Ma a cosa serve la scuola?
Se non si risponde prima a questa domanda, le altre questioni sono tecnicismi o temi sindacali. In realtà la domanda non è corretta, quella giusta è: a che cosa serve, o deve servire, la scuola pubblica. Si è insinuato nel pensiero nazionale un concetto pernicioso, ma astuto, capace di colpire la ragione. La scuola deve servire per preparare i giovani al mondo del lavoro.
Qualche governante in passato era arrivato ad affermare che la scuola doveva fondarsi sulle tre “I”: inglese, informatica, impresa. L’idea è astuta perché pare avere una sua logica, secondo un sillogismo apparentemente perfetto: Ciò che conta è il lavoro, bisogna quindi prepararsi a entrare con efficacia nel mondo del lavoro, e questo compito spetta alla scuola. Una specie di gigantesca scuola dell’avviamento.
Nessuno la ricorda più, ma un tempo in Italia c’era questo tipo di scuola per le classi meno abbienti, affinché i loro figli sin da giovani potessero trovare un lavoro modesto ma sicuro. Con buona pace di quello che viene oggi chiamato “ascensore sociale”.
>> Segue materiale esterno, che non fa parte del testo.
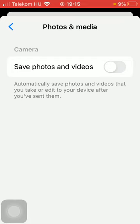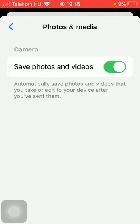And below it says automatically save photos and videos that you take or edit to your device after you have sent them. So if you want to turn on this function simply click on this button.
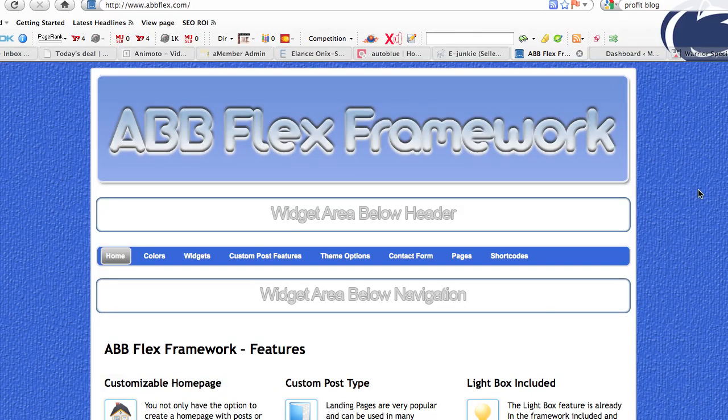Hey everyone, this is Mike Johnson. I'd like to welcome you to the Autoblog Blueprint Flex theme, or the ABB Flex as we call it. While this theme was originally built for Autoblog Blueprint members, we've discovered that this framework is well beyond capable of working with any blog you could possibly want. It has unlimited capabilities and unlimited flexibility, which brings us to the name, the Flex. You can really take this theme and make any kind of blog with it whatsoever — there are just endless possibilities.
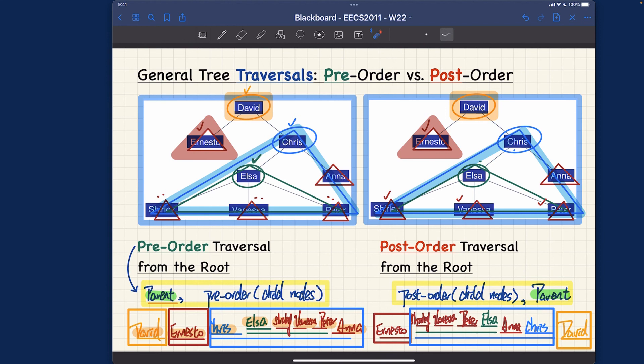This was our very first example of tree traversal, so I tried to be very thorough and slow. If you've got the idea, I suggest you practice by expanding the tree with more levels and see if you can work out the pre-order and post-order traversals yourself. Let's now move on to the next example tree.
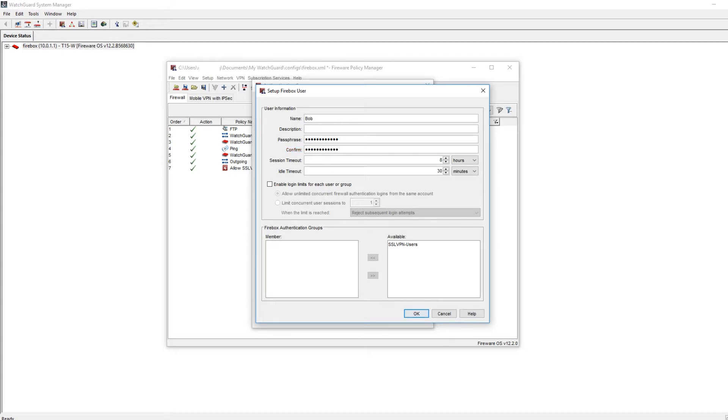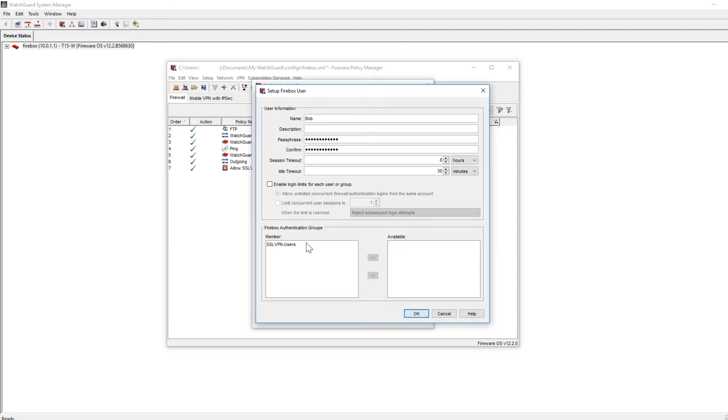Now that we have a user, they'll need to be added to a group in order to work with the VPN. You'll see that we have an SSL VPN user group created on the right-hand side. We want to select that group, move it to the left-hand side to become a member of that SSL VPN user group.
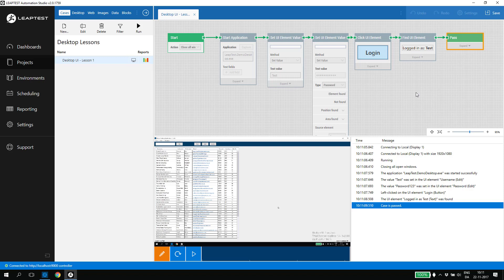In this first lesson, we introduced how you can create and design cases for desktop automation in Leaptest. We saw how to run and debug cases and how to open and capture desktop elements from applications.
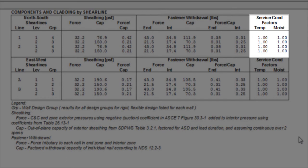These factors are shown in this table because the nail withdrawal capacity is dependent on wet service factor, CM, and the temperature factor, CT.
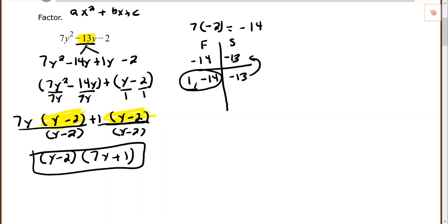Remember you can always check your answer by multiplying back out using the distributive property or FOIL, and you should end up with your original expression. Let's look at another example.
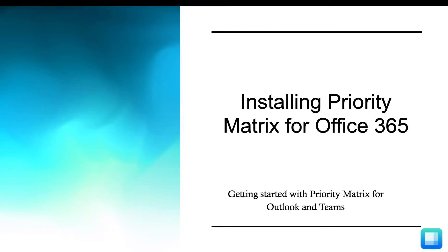Getting started with Priority Matrix for your Office apps is easy. In this video, I'm going to show you how to install Priority Matrix for Microsoft Teams and Outlook 365.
Il compito della scuola, specie quella pubblica, è preparare cittadini, insegnare loro a studiare, a capire, a analizzare, a non farsi infinocchiare, ad avere senso critico per poter dire la propria opinione con cognizione di causa
Tutte le professioni e i mestieri si possono imparare a un certo punto della vita, ma se non ti insegnano e non ti aiutano a pensare con la tua testa da giovane, è probabile che non lo farai mai più.
E di questo non si parla. Le riforme chieste o proposte in genere puntano a sistemazioni organizzative, sindacali o di gestione. Non c’è una parola sul futuro culturale dei ragazzi. Un tempo non lontano avevamo una scuola secondaria che era un vanto internazionale: eravamo deboli sull’università, ma sulle medie e le superiori non ci batteva forse nessuno.
Ma questo è un tema troppo teorico, diciamo filosofico-ideologico. Meglio restare sul pratico. Perché non c’è nulla di meglio, che si sposi con la pratica, come l’ignoranza e la rinuncia a pensare.